#### [Records provided]
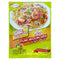 Rosdee Menu Thai Spicy Salad Powder Seasoning - Instant Powder 40g (5 Packs)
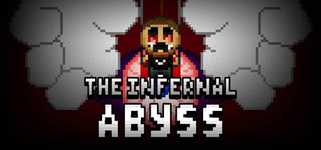 The Infernal Abyss cover image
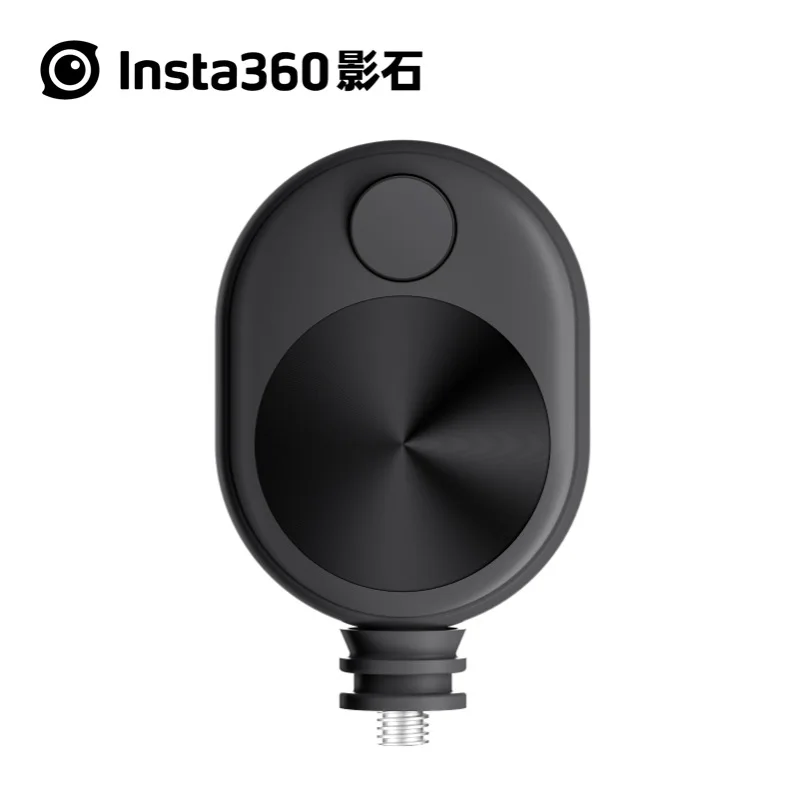 

For Insta360 X3/ONE X2/X/R/RS Mini Bullet Time Rope Box Retractable Accessories Spot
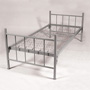 Display the Bunkable Square Tube Metal Beds product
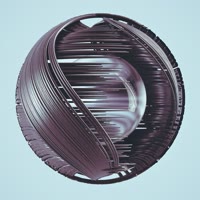 polo小球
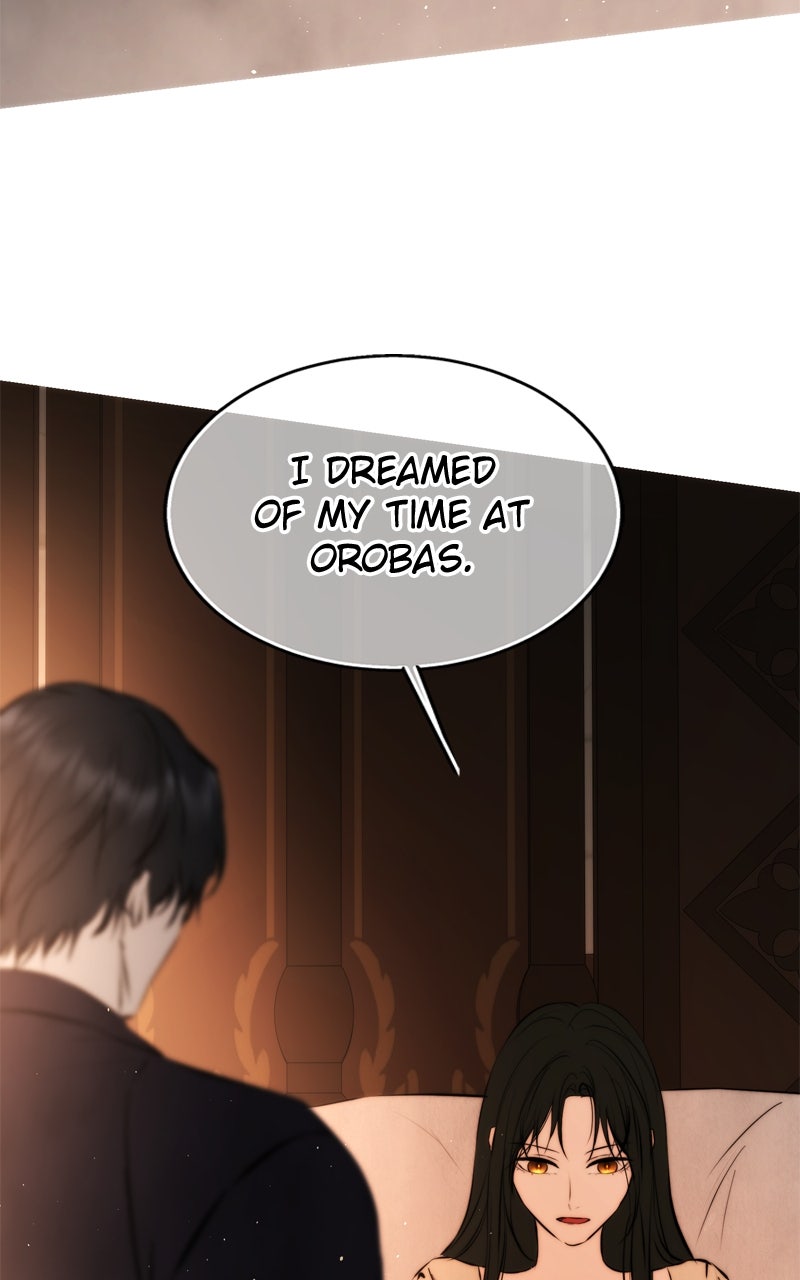 Read Teach Me How To Desire EN Manga Online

#### [Problem details]
In your copy of the entries above, keep the text exact and leave out the pictures.

#### [Answer space]
 Rosdee Menu Thai Spicy Salad Powder Seasoning - Instant Powder 40g (5 Packs)
 The Infernal Abyss cover image

For Insta360 X3/ONE X2/X/R/RS Mini Bullet Time Rope Box Retractable Accessories Spot
 Display the Bunkable Square Tube Metal Beds product
 polo小球
 Read Teach Me How To Desire EN Manga Online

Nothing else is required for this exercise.